【同人CD】マスタリングのやり方!使用プラグインや順番を解説

アマチュア(同人)ミュージシャンとして活動している方々の多くは、YouTubeやニコニコ動画などネット上での活動がメインかと思います。

しかし、動画発表などの活動にはがなく、イマイチ音楽をやっている実感が湧かないという方もいるのではないでしょうか?そんな方々にオススメするのがCDリリースです!自分の楽曲がCDという手に取れる媒体になったときの感動はひとしおです。

私(れれれP)が過去にリリースしたCDの一部

とはいえ、CDを世に出すためには乗り越えなければならないハードルが数多くあります。どんな業者に依頼すればよいのか、どんなソフトでどのように入稿データを作成すればよいのか、料金や納期はどの程度かかるのかなど、挙げればキリがありません。

その中でも特に専門的な知識を要するのが「マスタリング」です。マスタリングとは簡単に言うと、ジャンルや曲調の異なる複数の楽曲を同じ音量レベル・同じ帯域バランスに揃え、聴き心地を良くしていく作業のことです。

私は2008年に同人活動を初めて以来約15年、自分の作品のみならず友人の作品やコンピレーションアルバムなど、40枚以上のCDのマスタリングを行ってきました。

その経験で得られたマスタリングに関するノウハウをお伝えできればと思います!

目次

序:CDはオワコンじゃない

SpotifyやApple musicなどのサブスクリプションサービスが全盛の現在、CDで音楽を楽しむ方はとても少なくなっています。

しかし、同人音楽となると話は別です!

M3(エムスリー)THE VOC@LOiD MASTER(通称ボーマス)などの音楽系専門同人イベントでは、依然としてCDという形に残る媒体が根強く支持されていますし、これからもその需要はなくならないと考えます。

CDのラウドネス値(LUFS)

多くのストリーミングサービスには、ラウドネスノーマライゼーションという音量規制が導入されています。たとえば、YouTubeは-13LUFS、Spotifyは-14LUFSといった基準があり、これを上回る音声は強制的に基準レベルまで落とされます。

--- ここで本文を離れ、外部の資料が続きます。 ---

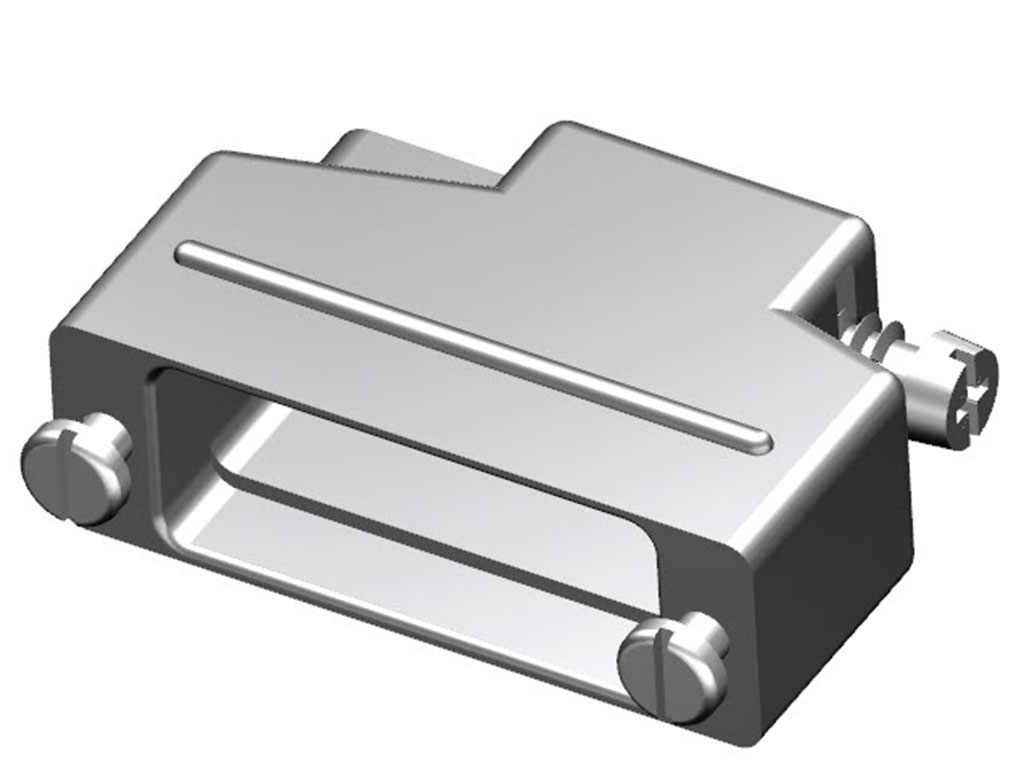 15 Position One Piece Backshell Connector Gray 180° Unshielded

一方、CDの世界にはこのようなラウドネス規制が存在しません。そのため、0dBFS以内に収まってさえいれば、どれだけ音圧を上げようが自由です。ただ、自由と言われても困りますよね。そのために用意するのが、さきほどのリファレンスです。

参考

Album list – Dynamic Range DBというサイトでは、16万枚以上のCD(配信含む)の音圧(ダイナミックレンジ)がデータベースとして保存されています。日本のアーティストも含まれていますので、参考にしてみてはいかがでしょうか。

リファレンスを用意する

マスタリングを開始する前に、基準となるリファレンス楽曲を何曲か用意しましょう。これがあることでゴール地点が明確となり、自分の感覚だけに頼ってやるよりも圧倒的に良い結果が得られます。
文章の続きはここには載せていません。